Germany (16) made the biggest gains for 2007 (+9) on the back of improved economic performance.
Although Russia is lower down the ranking in 43rd place, its ompetitiveness has grown by an average of nearly 5% a year over the past decade compared to the U.S.
Some emerging nations and established economies have tended to lag behind the top league in the ranking in recent years because of their patchy competitiveness, the IMD said. They include Brazil, France, Indonesia, Italy, Mexico, the Philippines and Turkey.
South Africa dropped 12 places to 50th due to high unemployment, societal and legislative problems that hamper efficiency, and poor infrastructure.

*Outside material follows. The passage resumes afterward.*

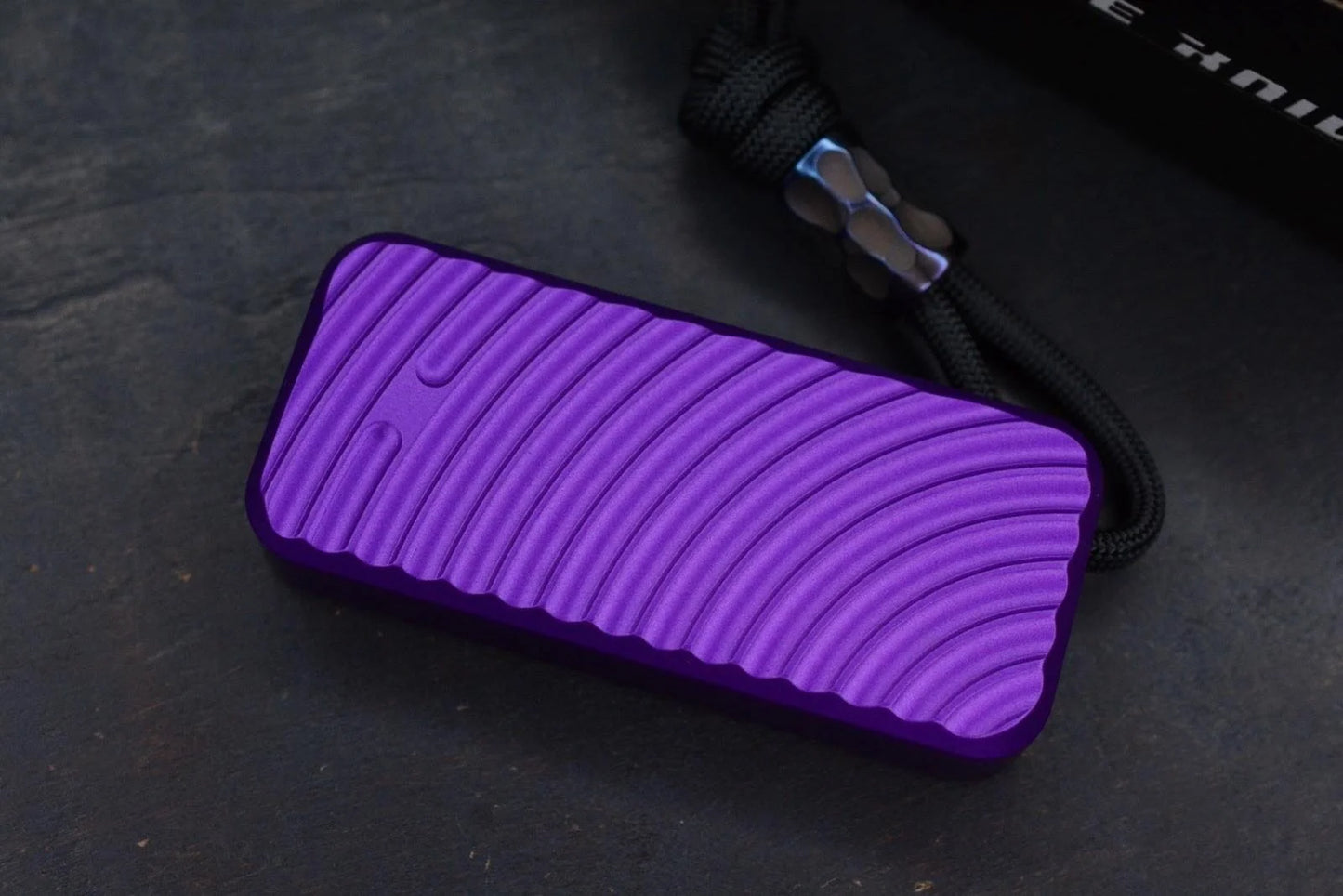 NEW RIVERY MFG x Cad Lab Zero Knife Purple Finish OG w/ Custom Bead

The overall trend "could lead to an increase in protectionist measures in Europe and the U.S.," Stephane Garelli of the Lausanne-based IMD warned. Garelli said industrialized nations would find it hard to tolerate the loss of some of their "business jewels" to a growing number of new brands and companies from Asia, Russia and the Gulf that are buying up industrial assets.
The annual IMD report assesses economic performance, government and business efficiency, and infrastructure -- including factors like education, technology, health and social services -- to establish its annual ranking.